Eine Bestandsimmobilie ist eine bereits vorhandene Immobilie, die entweder verkauft wurde oder sich noch im Besitz des Eigentümers befindet. Im Gegensatz dazu steht die Neubauimmobilie, die erst kürzlich errichtet wurde.

Bestandsimmobilien können unterschiedliche Baujahre haben und in unterschiedlichem Zustand sein. Sie können als Wohn-, Gewerbe- oder Mischimmobilien genutzt werden und aus verschiedenen Gebäudetypen wie Einfamilienhäusern, Mehrfamilienhäusern, Bürogebäuden oder Fabrikhallen bestehen.

Der Kauf einer Bestandsimmobilie bietet einige Vorteile gegenüber dem Kauf einer Neubauimmobilie. So ist der Kaufpreis oft günstiger, da bei Neubauten oft höhere Baukosten anfallen. Auch kann die Lage der Bestandsimmobilie ein Vorteil sein, da sie oft in gewachsenen und etablierten Wohn- oder Geschäftsvierteln liegt.

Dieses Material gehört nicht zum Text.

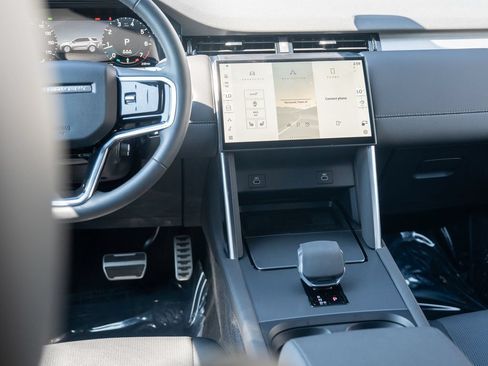 Certified 2025 Land Rover Discovery Sport Dynamic SE AWD/4WD image 21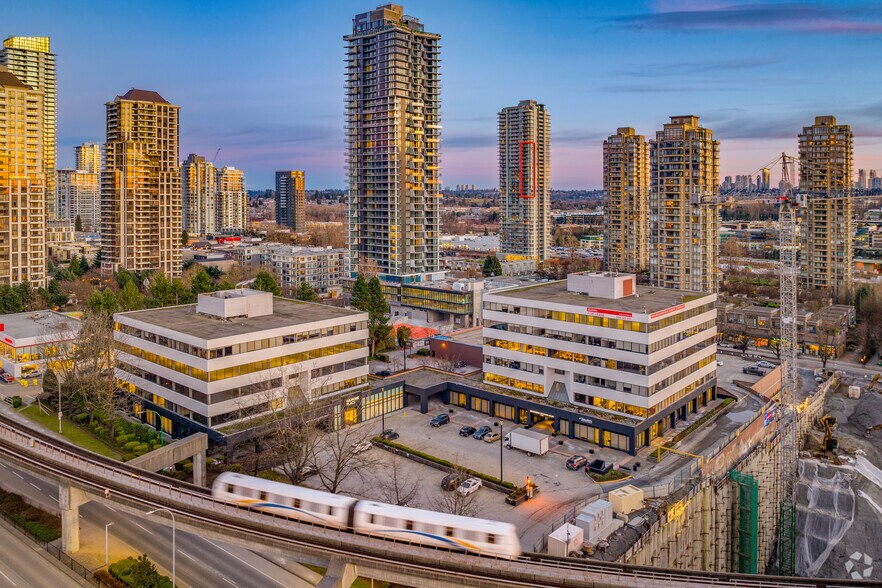 4180 Lougheed Hwy, Burnaby, BC à louer - Photo du bâtiment - Image 2 de 7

Allerdings können bei Bestandsimmobilien auch einige Risiken bestehen. Ältere Gebäude können höhere Instandhaltungskosten oder Sanierungsbedarf aufweisen. Auch können eventuelle Mängel oder Schäden, die bei der Besichtigung nicht erkennbar sind, im Nachhinein zu Problemen führen.

Daher ist es wichtig, vor dem Kauf einer Bestandsimmobilie eine gründliche Begutachtung durchzuführen und eventuelle Mängel oder Schäden zu identifizieren. Es kann auch sinnvoll sein, einen Sachverständigen oder Architekten hinzuzuziehen, um mögliche Risiken abzuschätzen.